--- Allen Wirfs-Brock Allen_Wirfs-Brock@Instantiations.com wrote:
The best explanation I've ever heard for why you are unlikely to see garbage collection generalized in this manner was by George Bosworth of Smalltalk/V fame. George's explanation basically goes like this: Garbage collection is a resource management solution for a resource that fits a particular "economic" model (very large resource pool, each resource has a very low value (who cares if you loose a few bytes out of megabytes), very high churn rate, moderate wastage is acceptable, etc.). Garbage collection algorithms and policies are all designed and specifically optimized for this specific resource management problem and simply are not appropriate for the management of resources subject to a very difference set of economics. In addition, there is no reason to believe that there is a single universal resource management mechanism that can be used to optimally manage all types of resources.
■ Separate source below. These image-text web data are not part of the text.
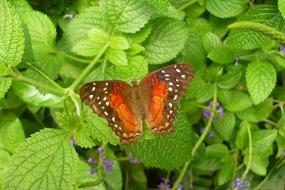 Butterfly Colorful Wing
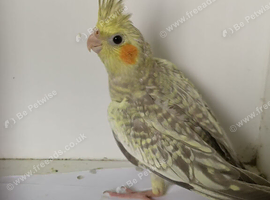 Baby Cockatiel&rsquo;s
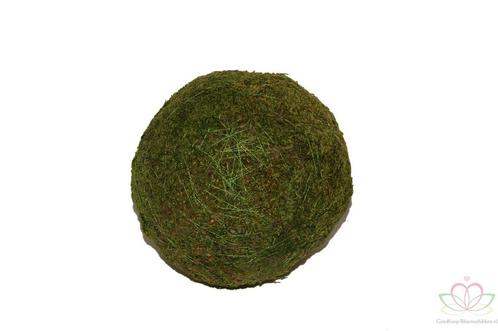 Bol Mos Bal Mos Platmos 4 cm. Zak 20 stuks mosbal bol mos, Huis en Inrichting, Woonaccessoires | Kunstplanten en Kunstbloemen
The problem with finalization is that it applies memory resource management policies to other resources (like postgres connections) that have a very different set of economics associated with them.
Allen_Wirfs-Brock@Instantiations.com
Well, that kind of argument encourages me to make my "other resources" really large in terms of memory consumption so that they cost roughly an appropriate amount when expressed in memory economics. I think a Postgres connection should be...umm...18Mbytes.
It seems to me that it would be a workable comprimise to use finalization for those objects which get/got handed around and are hard to track, but then something like an ensure: block to clean up the ones where that is easy to do. It seems to me that it would give you good performance in the common case, but then CYA (without requiring reference counting) in the complicated one. Does this just not work out well in practice?